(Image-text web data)
============
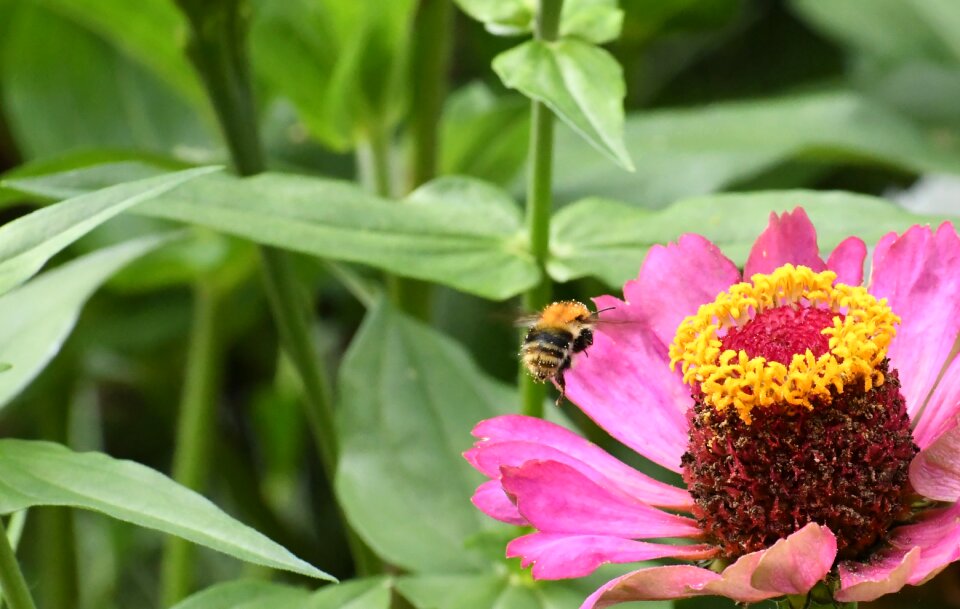 Honey bee plant flower flora photo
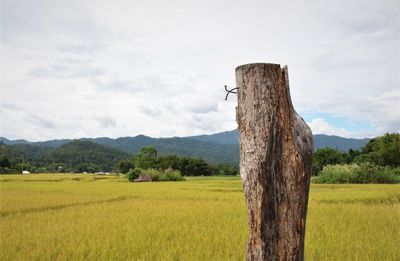 View of wooden post on field against sky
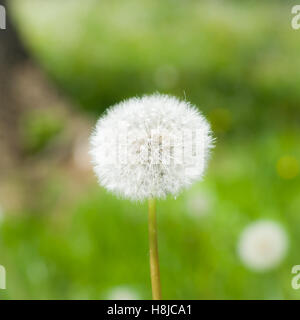 Una macro shot di tarassaco puffball. Foto Stock
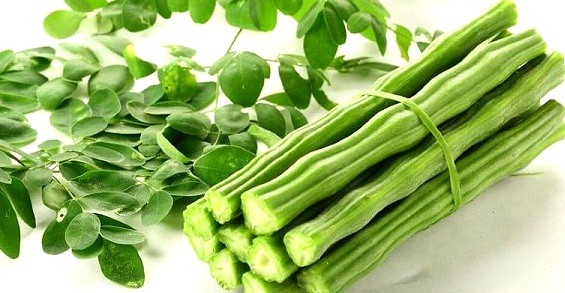 সজনে ও লাজনা চেনার উপায় কি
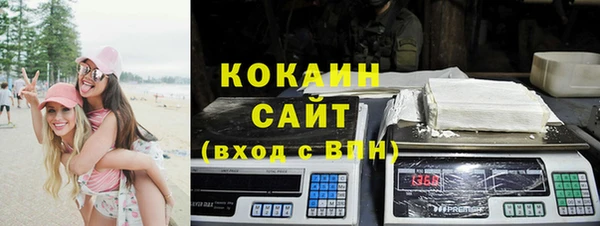 гидра Абаза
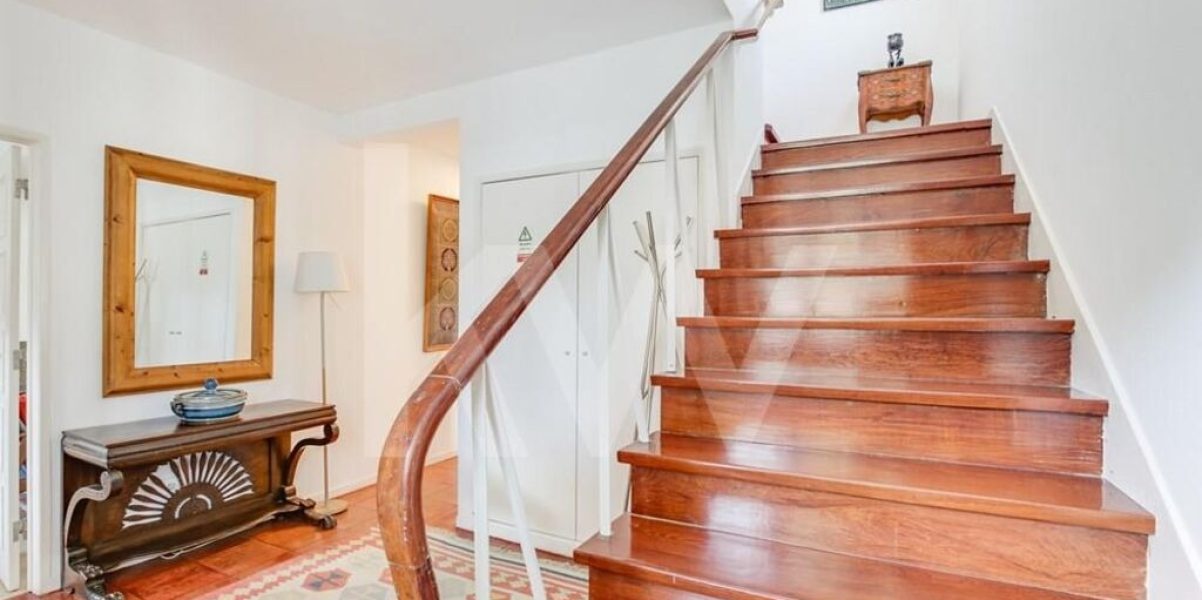 imgi_369_8bcf99ab-0892-4a0c-b2a9-ba5de0d2f8d0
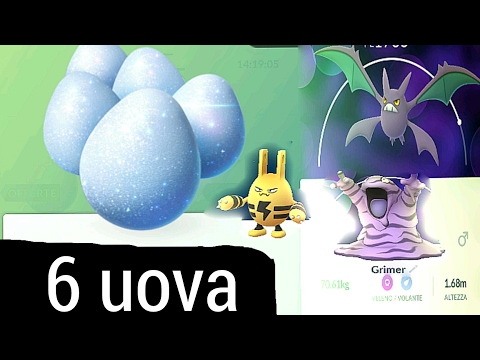 CATTURO CROBAT E SCHIUDO 6 UOVA DA 2 KM: POKEMON GO ITA
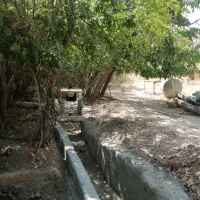باغچه-ای-مفروز-و-شش-دانگ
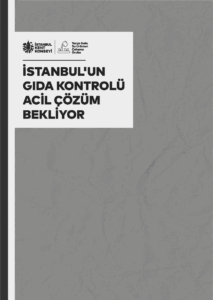 Ekran Resmi 2025 06 28 09.42.52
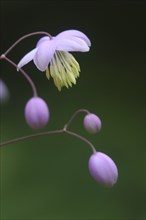 Mauve flower, Thalictrum dipterocarpum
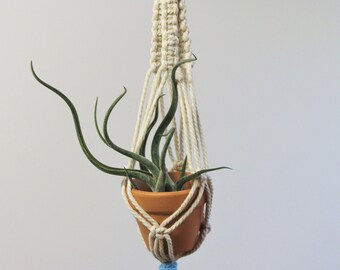 Mini Macrame Plant Hanger w/Terracotta Pot, car decor, office decor, plant lover gift, cute plant decor, wedding favor, party favor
============
*Required work*:
Please copy, exactly as written, the lines from the one that contains "CATTURO CROBAT E" through the end of the records, both ends included. Do not include the pictures.

*Expected answer*:
 CATTURO CROBAT E SCHIUDO 6 UOVA DA 2 KM: POKEMON GO ITA
باغچه-ای-مفروز-و-شش-دانگ
 Ekran Resmi 2025 06 28 09.42.52
 Mauve flower, Thalictrum dipterocarpum
 Mini Macrame Plant Hanger w/Terracotta Pot, car decor, office decor, plant lover gift, cute plant decor, wedding favor, party favor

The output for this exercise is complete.